W czasie rozpoczynającej się wizyty w naszym kraju Emmanuel Macron będzie nakłaniał polskie władze do wzięcia udziału we francuskiej interwencji zbrojnej Barkhane przeciwko dżihadystom w rejonie Sahelu w Afryce. Prezydent Francji będzie chciał to powiązać z wewnątrzunijnym sporem wokół masowego przyjmowania afrykańskich imigrantów - dowiedział się paryski korespondent RMF FM Marek Gladysz.

REKLAMA

Doradcy Emmanuela Macrona sugerują, że ten ostatni będzie nakłaniał polskie władze do wysłania żołnierzy w rejon Sahelu w ramach interwencji zbrojnej Barkhane (czyli po polsku Barchan - w znaczeniu pustynnej wydmy w kształcie półksiężyca) w dosyć zaskakujący sposób. Chce bowiem powiązać te kwestie z wewnątrzunijnym sporem wokół przyjmowania afrykańskich imigrantów.

Jeden z doradców Macrona zasugerował, że Francja może bez większego problemu zgodzić się na to, iż nasz kraj odmówi masowego przyjmowania przybyszów z Afryki pod warunkiem, że władze w Warszawie będą uczestniczyły finansowo w imigracyjnej polityce UE i będą bardziej aktywnie brały udział w działaniach w rejonie Sahelu. Nie sprecyzował jednak, czy dotyczyłoby to uczestnictwa polskich żołnierzy w akcjach zbrojnych, czy też np. większego udziału polskich instruktorów w szkoleniu malijskiej armii i policji.
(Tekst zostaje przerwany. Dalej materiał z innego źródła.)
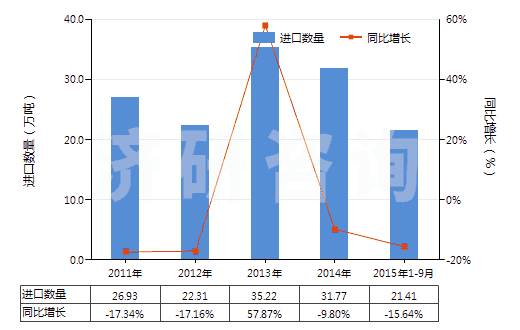2011-2015年9月中國(guó)聚(亞甲基苯基異氰酸酯)(聚合MDI或粗MDI)(HS39093010)進(jìn)口量及增速統(tǒng)計(jì) 2011-2015年9月中國(guó)聚(亞甲基苯基異氰酸酯)(聚合MDI或粗MDI)(HS39093010)進(jìn)口量及增速統(tǒng)計(jì)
Według części specjalistów walka z dżihadystami w rejonie Sahelu może zmniejszyć liczbę ludzi uciekających stamtąd do Europy.
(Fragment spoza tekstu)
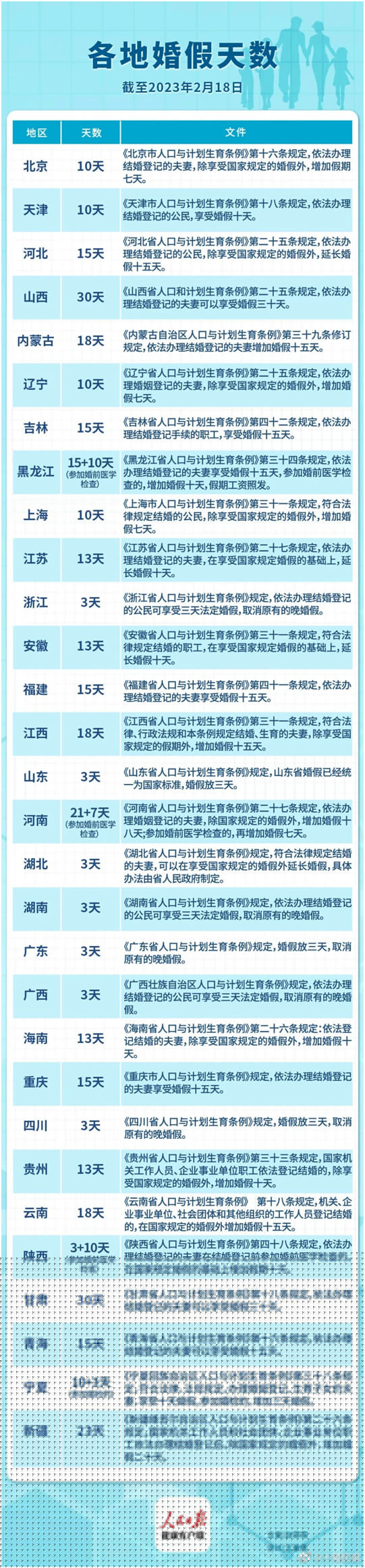 2023年婚假有几天最新规定2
Przypomnijmy, że zainicjowana przez Francję operacja zbrojna Barchan, w której uczestniczą m.in. Brytyjczycy i Estończycy - przy wsparciu organizacyjnym Stanów Zjednoczonych - trwa w rejonie Sahelu już od ponad pięciu lat. Prezydent Macron, któremu w rozpoczynającej się dzisiaj w Polsce dwudniowej wizycie towarzyszy m.in. francuska minister obrony Florence Parly, często dotąd ubolewał, że nie udaje mu się nakłonić do udziału w tej operacji innych krajów europejskich.

Niektórzy obserwatorzy wątpią jednak, czy Macronowi uda się w tej sferze przekonać polskie władze, które ciągle są zszokowane jego niedawnymi wypowiedziami o rzekomej "śmierci mózgowej NATO". Te ostatnie skrytykowane zostały - czy wręcz uznane zostały za nieodpowiedzialne - przez przedstawicieli władz wielu krajów europejskich. Wielu paryskich komentatorów sugeruje również, że francuska chęć zbliżenia z Rosją budzi w Polsce usprawiedliwione niezrozumienie.

Dzisiejszy dziennik "Le Figaro" sugeruje, że Emmanuel Macron chce zburzyć nowy Mur Berliński, który sam symbolicznie stworzył pogłębiając podziały w Unii Europejskiej.

Komentując rozpoczynającą się dzisiaj wizytę lokatora Pałacu Elizejskiego w Warszawie, wielu obserwatorów sugeruje jednak, że władze Francji przypominają sobie, iż Polska jest jednym z największych krajów europejskich dopiero w momencie, kiedy chcą jej coś sprzedać. Zdaniem niektórych obserwatorów można więc to uznać za polityczną hipokryzję. Tym razem chodzi znowu m.in. o okręty podwodne i elektrownie atomowe.

Jednocześnie jednak "Le Figaro" podkreśla, że również brexit uświadomił Macronowi, iż potrzebny jest "zwrot na Wschód". Po wyjściu Wielkiej Brytanii z UE władze w Warszawie będą bowiem jeszcze bardziej się liczyły reprezentując jeden z najważniejszych krajów członkowskich.

"Le Fiagro" przypomina długą tradycję aroganckich zachowań francuskich władz wobec Polski i sugeruje, że jedna wizyta Emmanuela Macrona nie wystarczy, by to naprawić. A kilka dyplomatycznych frazesów to zdaniem tej gazety za mało, by nie ukrywana przez lokatora Pałacu Elizejskiego chęć zbliżenia z Rosją przestała budzić w Polsce podejrzliwość.